Summary
In Kash v. Kash, 260 Ky. 508, 86 S.W.2d 273, it was held that the intention of the insured was the controlling factor in a controversy between the beneficiary in a life insurance policy and the estate of the insured.
Summary of this case from Smith v. ColemanOpinion
Decided October 1, 1935.
Appeal from Lee Circuit Court.
ROSE STAMPER and ORIE S. WARE for appellants.
BEATTY BEATTY and RODNEY HAGGARD for appellees.
Reversing.
Lee Kash owned lots Nos. 1, 2, and 3 in block B of Bonhaven Heights, outside the city limits of Winchester, Clark county, Ky. He was a single man, never having been married. He owned a home at Winchester which was occupied by Mollie Kash, his widowed mother, and Mrs. Lillie K. Henry, his sister, and her daughter. It was his habit to visit his mother each week. Desiring to build a modern, comfortable home on the three lots, and in order to secure the cash with which to build it, he made application to the Equitable Life Assurance Society of the United States for a loan of $5,000 and an ordinary life insurance policy on his life for $5,000. It issued and delivered to him on August 1, 1931, a policy of the face value of $5,000, in which Mollie Kash, his mother, was the designated beneficiary. It contained a provision reserving to the insured the privilege of changing the beneficiary; also to assign or pledge the policy. On August 15, 1931, he executed his note to the Equitable for the $5,000, and assigned to it the $5,000 life insurance policy to secure the payment of the former. Simultaneously with the execution and delivery of the note for the $5,000 he executed and delivered a mortgage on the three lots. The mortgage recites that "said policy of life insurance * * * has been assigned to said mortgagee as collateral security for the payment of" the note for $5,000. And that Kash, the insured, "for the better securing the payment to the said party of the second part" of the $5,000 note, "with interest thereon," had "bargained, sold, given, granted, conveyed and released and by these presents does bargain, sell, give, grant, and convey unto the said party of the second part, its successors and assigns," the lots described in the mortgage. Clause No. 9 of the mortgage reads:
"It is further agreed that the party of the second part may resort for the payment of the said principal moneys, premiums and interest to its several securities therefor in such manner as it may think fit."
Clause No. 11 contains this language:
"It is furthermore agreed that if said policy of insurance be still in force, the indebtedness secured hereby shall become immediately due and payable upon the death of the insured, and the party of the second part shall apply toward the payment thereof the amount due from it under the terms of said policy and pay over the balance, if any, to such person or persons as may be legally entitled thereto."

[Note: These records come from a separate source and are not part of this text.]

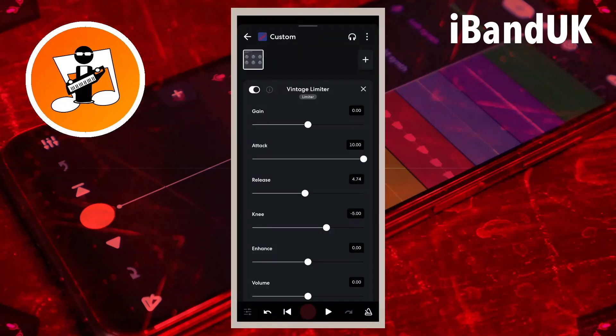A limiter is used to fix the maximum volume or loudness of the track, and if set up correctly will stop the track clipping. Here we will use the limiter to boost the vocals to the maximum output volume of the track, which is called 0 dB.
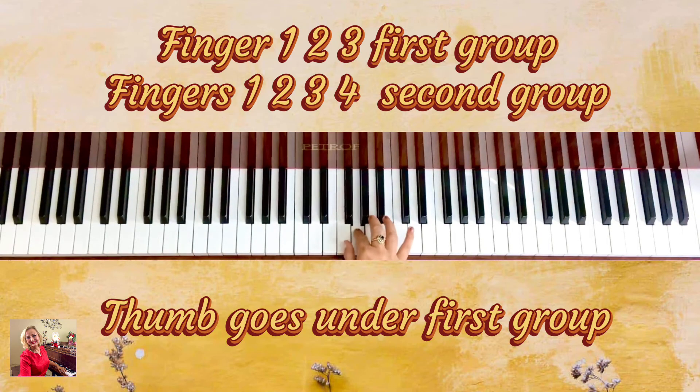So we have a set of three and then a set of four, and with the fifth finger it repeats the same pattern. Fingers one, two, three — thumb goes under — then one, two, three, four, five.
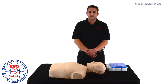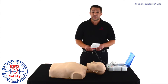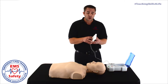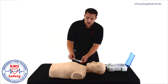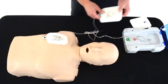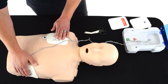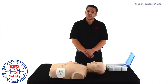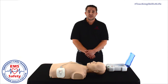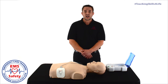We have the chest exposed and we are ready to apply those pads. These pads are going to have diagrams to ensure proper placement. You do need to apply the pads to the upper right chest below the collarbone, and the lower left chest. Now, after these pads are applied, the AED is going to direct you not to touch the victim. It is very important to make sure that yourself and nobody else is touching the victim — it could be a potential safety hazard when that shock is delivered.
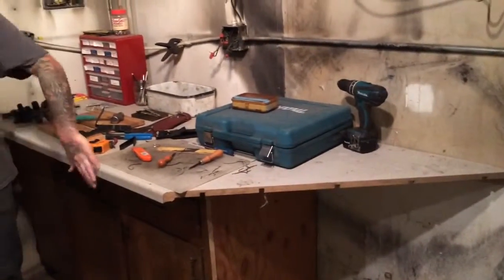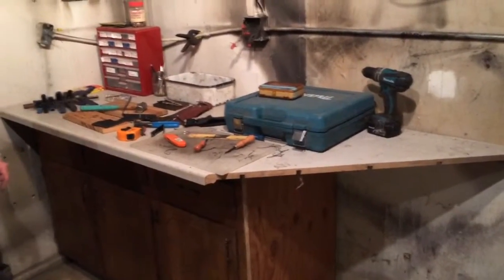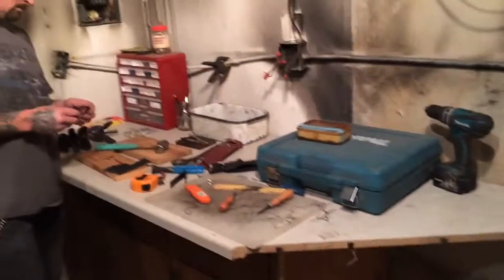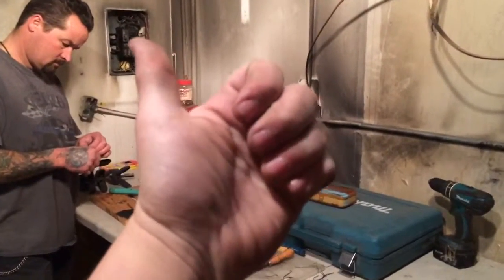We were going to have to go buy or find some countertops, but we got lucky — so that really helped us out and they're perfect workbenches. As you can see, we have a lot of stuff up there right now. Thank you guys for watching — talk to you later.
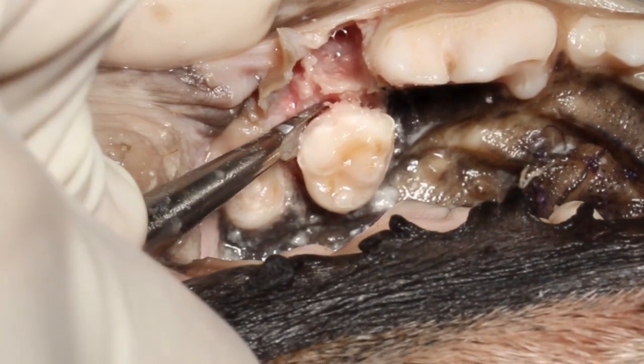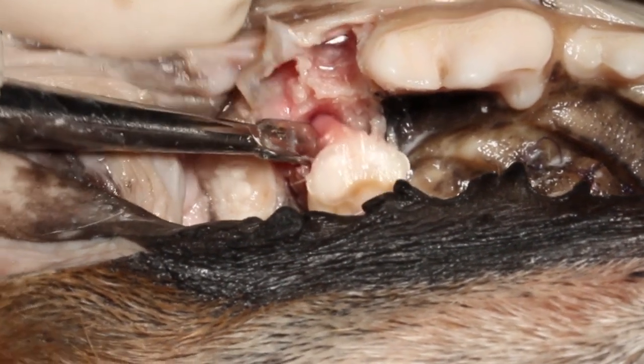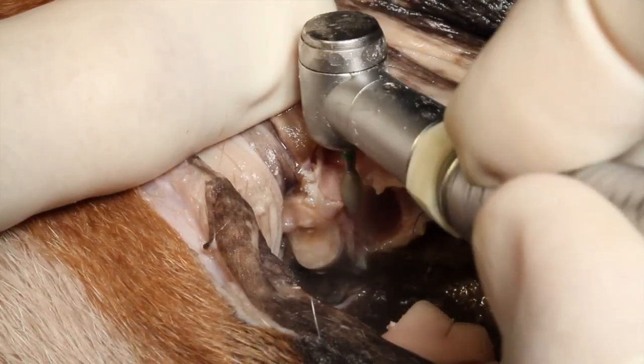As an added bonus, here is how we would place our luxator to extract that palatal root. It's a very large triangular root — very thick and very difficult to fracture — so it's a pretty easy extraction from that point.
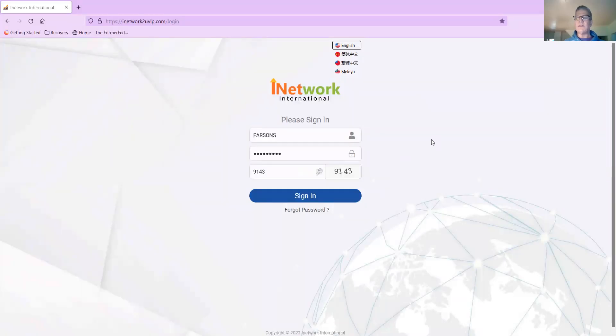Hi, this is Daniel. This is an updated sign-up process for the iNetwork, which has the iTeraCare medical devices, the health blowers, the negative ion pendant, and probably other products around the way pending regulatory approval.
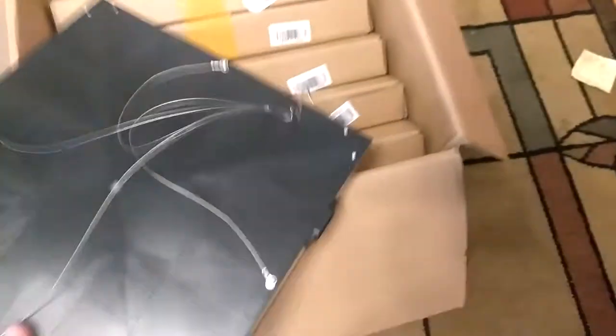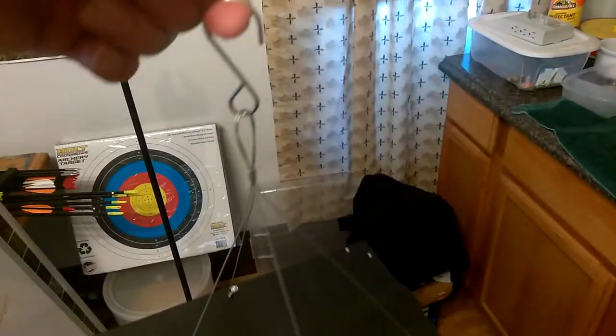It comes with little hooks so you can string them up. I don't know exactly how I'm going to do it yet, but I'm going to do it. Let's go figure this out.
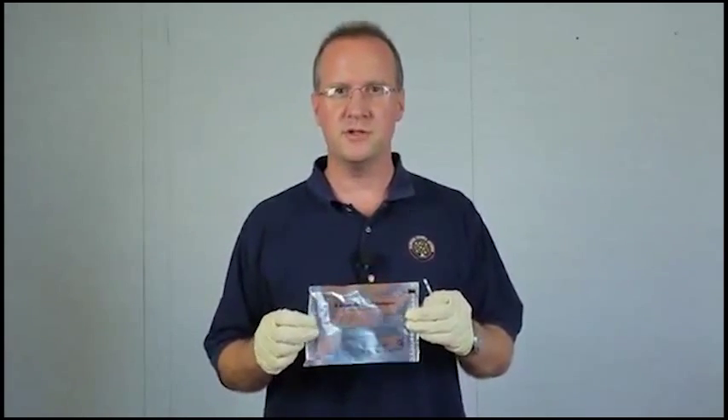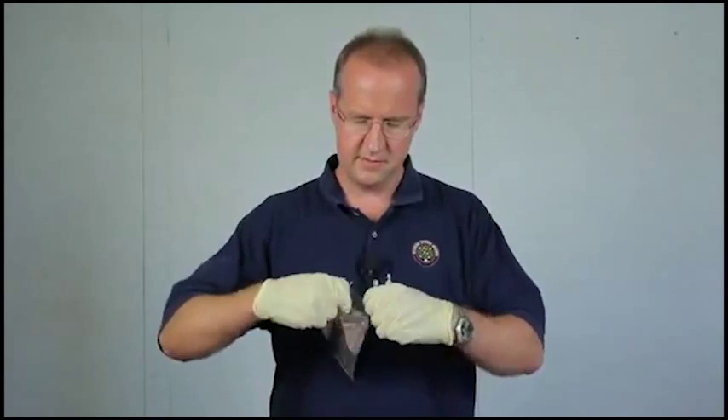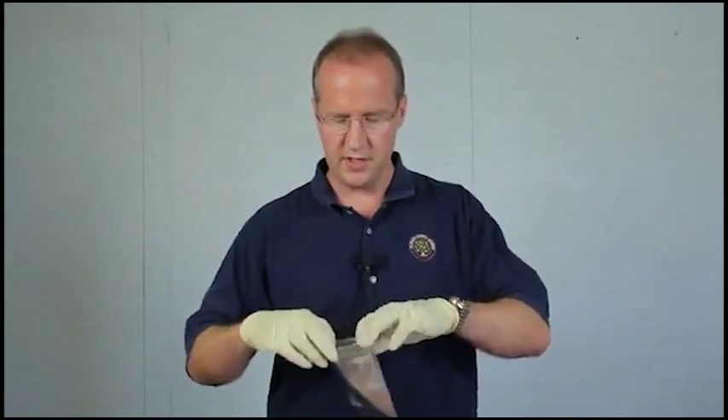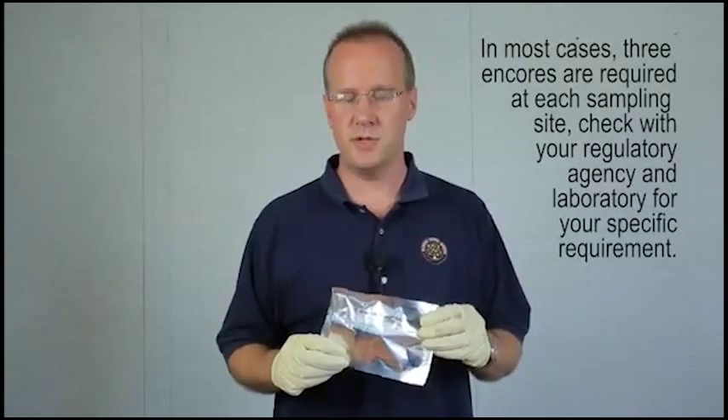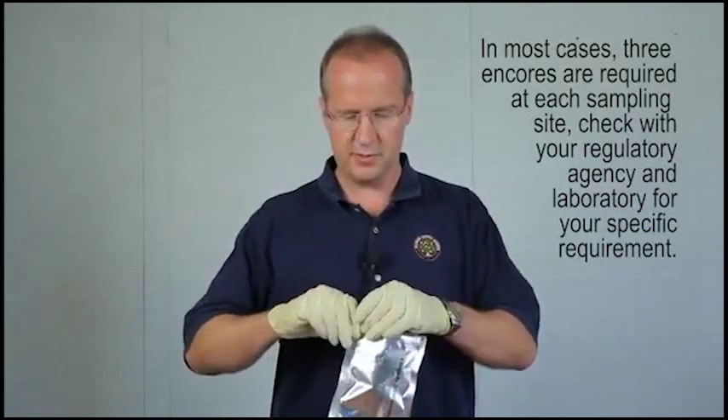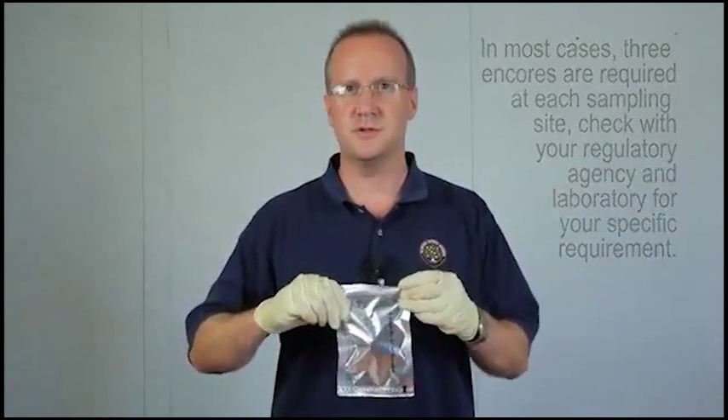Then you will have your appropriately labeled bag. Stick the sampler in the bag. If you want, you can fit three Encores into one bag, and then with a zip lock enclosure, just close it up and throw it in your cooler on ice.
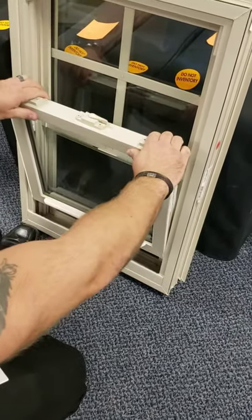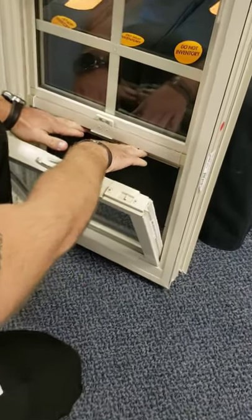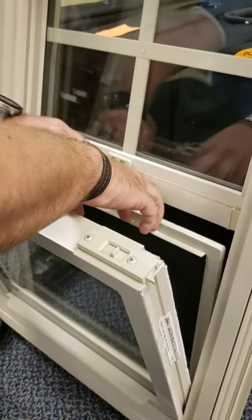Do not close the sash all the way. Lower it. There is a lift rail on the screen. Push down and in towards you to remove the screen.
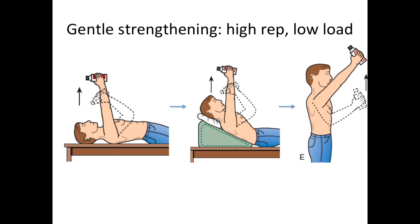Once flexibility is achieved, it can be helpful to start some gentle strengthening exercises. We emphasize high repetitions and low loads, starting with the patient lying on their back pressing up toward the ceiling with a light weight, such as a bottle of water. When the patient can do that easily 20 times, they sit up a little and continue pressing straight up. As the angle of inclination increases, the patient eventually reaches the point where they can do it standing.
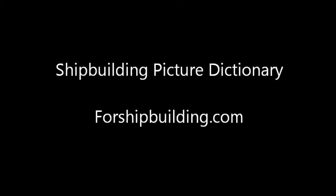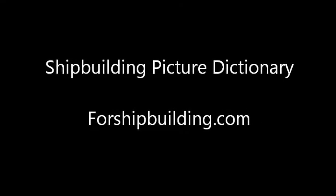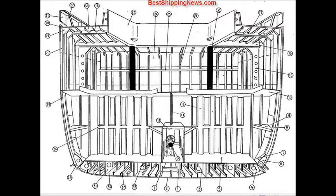Shipbuilding picture dictionary for shipbuilding.com. Center girder, keel, duct keel, docking bracket, bracket to margin plate, inner bottom plating, tank side bracket, gusset plate.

Another provision in the policy is:
"The insured [or assignee if any] may, without the consent of the beneficiary, surrender, assign or pledge this policy and all rights hereunder or, subject to the Society's approval, change to another form or plan of insurance. An assignment by the insured shall operate to exclude any and all rights of any beneficiary under this policy except that upon release of all outstanding assignments or upon reassignment to the Insured all rights under this policy shall be the same as if such assignment of said policy had not been made and that if assigned or pledged as collateral only by the Insured and equity remaining at the death of the Insured shall accrue to the beneficiary."
The policy of insurance, Kash's note and mortgage demonstrate that the Equitable was engaged in the life insurance business and also that of loaning money. During his life Kash paid regularly the monthly installments on the note and interest and the premium on the policy up to March 1, 1932. He died April 19, 1932, at which time the balance due on the note was $4,797.74. In his application for the policy, his age was incorrectly stated, and, considering his correct age and the premium, the face of the policy should have been $3,785.05. The beneficiary survived him. The Equitable credited on its note as a payment the $3,785.05, leaving a balance of $1,012.69, with interest from April 19, 1932. In this action, it sought to enforce its mortgage to subject a sufficiency of the proceeds of the lots and improvements to the payment of the balance of its debt. Mollie Kash, the beneficiary, by an appropriate pleading, asserted that upon the death of the insured she became the absolute owner of the $3,785.05, the proceeds of the policy, and that, by reason of it having been applied as a payment on the Equitable's note, she was entitled to be subrogated to the rights of the Equitable to enforce its mortgage on the lots and improvements, for the satisfaction of the $3,785.05. The circuit court decreed in her favor. The executor of Lee Kash is here insisting that the designated beneficiary did not become, on the death of the insured, the owner, or entitled to any portion of the proceeds of the insurance policy, as against Lee Kash's estate.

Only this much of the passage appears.